Streamlining marketplace vendor onboarding helps ensure the relationship with a seller begins with a great experience. It also establishes security and fraud prevention measures that build a sense of trust and safety.
Each marketplace is unique and serves a broad audience. Understanding the different risks presented by different audiences and adjusting onboarding accordingly can minimize friction and maximize risk mitigation.
A risk-based approach to onboarding provides that flexibility. It allows the marketplace to determine the risk level in a market segment and apply appropriate checks or countermeasures for that scenario.
Tiers of vendor risk
Creating broad risk categories can help marketplaces prepare for a wide range of scenarios.
Most vendors in many marketplaces don’t have massive transaction volumes or handle large payments. Many are small or home-based businesses and have no history of fraudulent activity.
A marketplace might emphasize getting those vendors up and running quickly by verifying the identity of the company owner. The marketplace can monitor the account and, if there are red flags, ask for additional information and reassess the situation.
As vendor transaction volume and payment size increase, so does the risk of financial crime. That, along with other high-risk activities or regulatory changes, warrants additional due diligence.
For those situations, gaining deeper understanding of who owns or operates the business can either ensure the organization’s validity or prompt further verification.
For high-risk vendors, the risk-based approach might require additional due diligence, such as complete screening with detailed information on ownership and key personnel.
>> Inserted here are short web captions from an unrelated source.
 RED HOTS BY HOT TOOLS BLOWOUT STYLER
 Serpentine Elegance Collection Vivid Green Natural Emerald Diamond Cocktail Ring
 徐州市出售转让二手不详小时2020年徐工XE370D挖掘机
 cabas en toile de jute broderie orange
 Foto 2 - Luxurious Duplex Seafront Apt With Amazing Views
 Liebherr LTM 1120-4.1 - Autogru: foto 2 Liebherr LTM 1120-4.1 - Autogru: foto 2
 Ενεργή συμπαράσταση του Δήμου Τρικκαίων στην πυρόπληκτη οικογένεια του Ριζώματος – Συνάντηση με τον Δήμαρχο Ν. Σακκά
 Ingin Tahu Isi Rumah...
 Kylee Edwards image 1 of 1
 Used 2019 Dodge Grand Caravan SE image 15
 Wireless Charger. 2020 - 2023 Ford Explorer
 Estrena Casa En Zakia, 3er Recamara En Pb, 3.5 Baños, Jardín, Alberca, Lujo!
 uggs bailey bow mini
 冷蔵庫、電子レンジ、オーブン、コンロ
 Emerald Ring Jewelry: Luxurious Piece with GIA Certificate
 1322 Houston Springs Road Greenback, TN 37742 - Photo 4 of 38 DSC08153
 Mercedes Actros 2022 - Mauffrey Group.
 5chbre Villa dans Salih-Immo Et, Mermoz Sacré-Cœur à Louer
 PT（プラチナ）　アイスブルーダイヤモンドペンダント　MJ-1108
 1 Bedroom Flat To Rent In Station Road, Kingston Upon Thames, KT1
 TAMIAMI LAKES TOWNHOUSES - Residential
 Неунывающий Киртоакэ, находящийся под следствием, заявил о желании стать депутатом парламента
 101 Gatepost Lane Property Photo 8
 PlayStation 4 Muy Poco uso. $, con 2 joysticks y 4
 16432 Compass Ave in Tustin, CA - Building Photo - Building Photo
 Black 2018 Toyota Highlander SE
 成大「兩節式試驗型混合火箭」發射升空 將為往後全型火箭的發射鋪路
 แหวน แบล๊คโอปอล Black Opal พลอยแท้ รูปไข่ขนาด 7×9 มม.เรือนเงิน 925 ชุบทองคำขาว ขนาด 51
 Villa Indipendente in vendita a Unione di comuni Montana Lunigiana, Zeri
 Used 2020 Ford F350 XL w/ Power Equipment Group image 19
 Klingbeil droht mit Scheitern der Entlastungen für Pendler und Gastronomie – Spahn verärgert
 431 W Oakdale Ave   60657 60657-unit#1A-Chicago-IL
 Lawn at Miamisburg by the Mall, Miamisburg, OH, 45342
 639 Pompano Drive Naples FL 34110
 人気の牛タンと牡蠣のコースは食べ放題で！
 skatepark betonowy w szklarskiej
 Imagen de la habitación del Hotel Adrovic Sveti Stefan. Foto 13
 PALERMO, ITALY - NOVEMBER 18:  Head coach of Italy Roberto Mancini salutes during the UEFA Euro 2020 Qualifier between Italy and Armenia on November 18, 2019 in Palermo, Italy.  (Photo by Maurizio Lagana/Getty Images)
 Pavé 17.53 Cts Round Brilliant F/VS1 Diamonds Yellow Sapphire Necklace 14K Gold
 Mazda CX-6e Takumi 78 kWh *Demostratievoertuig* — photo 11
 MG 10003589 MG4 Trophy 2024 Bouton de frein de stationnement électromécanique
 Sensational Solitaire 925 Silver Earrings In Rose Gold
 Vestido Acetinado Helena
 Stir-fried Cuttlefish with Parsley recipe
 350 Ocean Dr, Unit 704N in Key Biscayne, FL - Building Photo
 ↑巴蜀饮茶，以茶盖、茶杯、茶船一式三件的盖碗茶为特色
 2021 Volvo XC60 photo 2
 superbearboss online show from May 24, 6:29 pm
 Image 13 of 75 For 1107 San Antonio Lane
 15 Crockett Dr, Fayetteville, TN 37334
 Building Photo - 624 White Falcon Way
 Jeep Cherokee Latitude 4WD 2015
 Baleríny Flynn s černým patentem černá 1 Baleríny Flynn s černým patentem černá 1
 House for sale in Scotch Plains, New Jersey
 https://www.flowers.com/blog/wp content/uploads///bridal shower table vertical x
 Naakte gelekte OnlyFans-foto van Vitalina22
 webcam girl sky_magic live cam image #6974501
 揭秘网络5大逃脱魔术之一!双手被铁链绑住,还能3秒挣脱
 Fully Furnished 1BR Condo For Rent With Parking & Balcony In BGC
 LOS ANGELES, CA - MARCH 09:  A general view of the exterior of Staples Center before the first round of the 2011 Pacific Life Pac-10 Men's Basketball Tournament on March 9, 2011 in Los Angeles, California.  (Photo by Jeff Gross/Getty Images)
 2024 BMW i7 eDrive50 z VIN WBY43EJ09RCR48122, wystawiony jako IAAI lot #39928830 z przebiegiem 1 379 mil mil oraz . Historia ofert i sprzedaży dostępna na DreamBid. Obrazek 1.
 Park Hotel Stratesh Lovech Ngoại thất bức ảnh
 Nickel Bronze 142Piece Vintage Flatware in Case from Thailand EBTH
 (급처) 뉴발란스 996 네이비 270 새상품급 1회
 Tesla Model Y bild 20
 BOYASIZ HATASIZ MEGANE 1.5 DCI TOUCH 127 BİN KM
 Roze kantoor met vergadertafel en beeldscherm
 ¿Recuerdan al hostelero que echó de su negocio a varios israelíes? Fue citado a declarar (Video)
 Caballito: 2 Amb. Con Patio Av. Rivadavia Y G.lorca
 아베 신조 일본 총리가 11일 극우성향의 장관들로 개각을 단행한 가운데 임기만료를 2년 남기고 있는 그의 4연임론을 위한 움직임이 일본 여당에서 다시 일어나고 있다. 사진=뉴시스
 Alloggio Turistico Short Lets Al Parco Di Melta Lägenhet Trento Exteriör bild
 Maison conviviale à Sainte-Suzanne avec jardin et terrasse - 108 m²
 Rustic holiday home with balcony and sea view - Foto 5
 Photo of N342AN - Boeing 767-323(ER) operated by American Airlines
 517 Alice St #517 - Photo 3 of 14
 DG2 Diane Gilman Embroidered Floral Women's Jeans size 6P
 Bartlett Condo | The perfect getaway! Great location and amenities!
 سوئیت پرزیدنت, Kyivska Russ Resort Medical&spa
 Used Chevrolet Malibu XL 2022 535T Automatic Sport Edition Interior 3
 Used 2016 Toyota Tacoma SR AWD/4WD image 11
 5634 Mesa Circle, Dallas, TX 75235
Enhanced due diligence could call for screening the company and its owners against global Anti-Money Laundering and sanctions watchlists.
Marketplace onboarding workflows
In some cases, regional regulations might require marketplaces gather information from multiple sources during onboarding. Efficiently collecting, sorting and tracking that information so it can be audited simplifies the demands on onboarding teams.
Gathering that information digitally and automatically can accelerate the process, minimize clerical errors and focus risk mitigation on the most critical cases.
Fine-tuning a risk-based approach to onboarding depends on how well a marketplace optimizes information-gathering workflows. The more workflows there are, the more nuanced the process can be.
Workflow planning includes deciding:
- How many workflows are realistic
- How long it takes to create a new workflow
- How good the analytics are
- How long it will take to understand the effects of workflow changes
- How long it takes to modify an existing workflow
Many onboarding systems require coding and development time to make even the most straightforward workflow changes. Flexible tools that enable quick workflow deployment can help risk-mitigation professionals establish the right controls for different scenarios.
Digitally acquiring documents for verification and storage can also save time and effort. Those records also provide further risk-mitigation assurance for marketplaces.
Creating positive vendor onboarding experiences
Effective business verification gathers information from customers, registers and third-party databases. Automated workflows or internal teams can then analyze that data to determine if a vendor is qualified for a marketplace.
That process can be quick and straightforward. In many cases, vendors can provide essential business information and gain onboarding approval without reams of paperwork and multiple back-and-forth requests.
Effective marketplace onboarding starts the business relationship with trust and a positive experience, allowing vendors to quickly start transacting. With a proper risk-based approach and technology that allows for adaptable, automated workflows, marketplaces can minimize delays and maximize safety.